··· Input
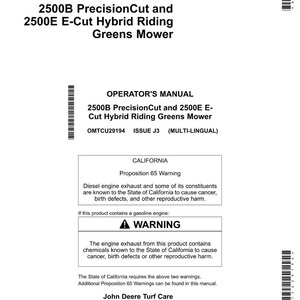 Puede incluir: Manual del operador blanco para una cortadora de c&eacute;sped 2500B PrecisionCut y 2500E E-Cut Hybrid Riding Greens. El manual incluye una advertencia de la Proposici&oacute;n 65 de California sobre los gases de escape.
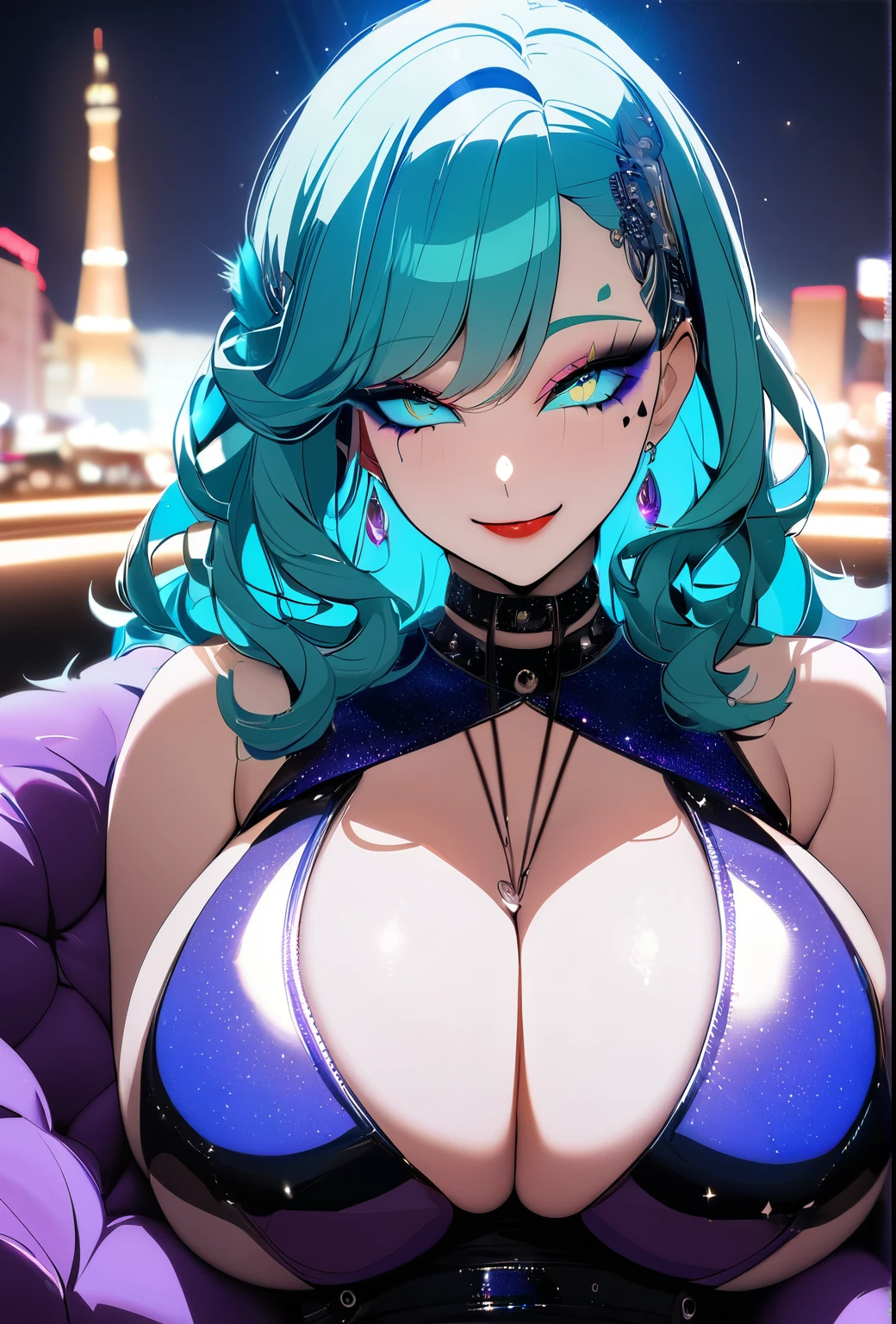 Holo-Punk Style, (8k, RAW photo, best quality, masterpiece: 1.2) detailed face, (light: 1.2), 1girl, woman, vegas show, feathers, massive breasts, cyan hair, bouffant, vegas at night, smile, heavy makeup, deep makeup, makeup, glam style makeup, eyeliner, mascara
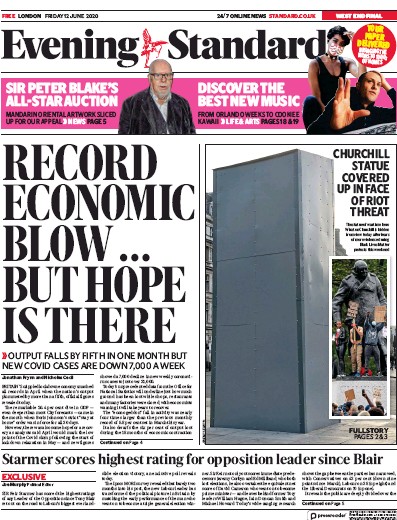 London Evening Standard Newspaper Front Page for 13 June 2020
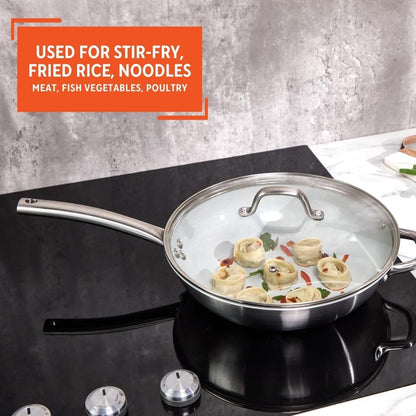 12 Inch 2 Ply Aluminum Ceramic Wok with Glass Lid, Gray | Ceramic Nonstick Interior, 2 Ply Construction, Long and Helper Handles, Ideal for Fried Rice, Noodles and Everyday Cooking6
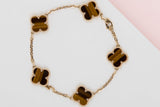 Vintage Alhambra 5 Motifs Bracelet - Tiger Eye & Yellow Gold - 19,5 CM - B&P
······
_Exercise aim:_ Output each record above exactly; omit the images.

_Exercise result:_
 Puede incluir: Manual del operador blanco para una cortadora de c&eacute;sped 2500B PrecisionCut y 2500E E-Cut Hybrid Riding Greens. El manual incluye una advertencia de la Proposici&oacute;n 65 de California sobre los gases de escape.
 Holo-Punk Style, (8k, RAW photo, best quality, masterpiece: 1.2) detailed face, (light: 1.2), 1girl, woman, vegas show, feathers, massive breasts, cyan hair, bouffant, vegas at night, smile, heavy makeup, deep makeup, makeup, glam style makeup, eyeliner, mascara
 London Evening Standard Newspaper Front Page for 13 June 2020
 12 Inch 2 Ply Aluminum Ceramic Wok with Glass Lid, Gray | Ceramic Nonstick Interior, 2 Ply Construction, Long and Helper Handles, Ideal for Fried Rice, Noodles and Everyday Cooking6
 Vintage Alhambra 5 Motifs Bracelet - Tiger Eye & Yellow Gold - 19,5 CM - B&P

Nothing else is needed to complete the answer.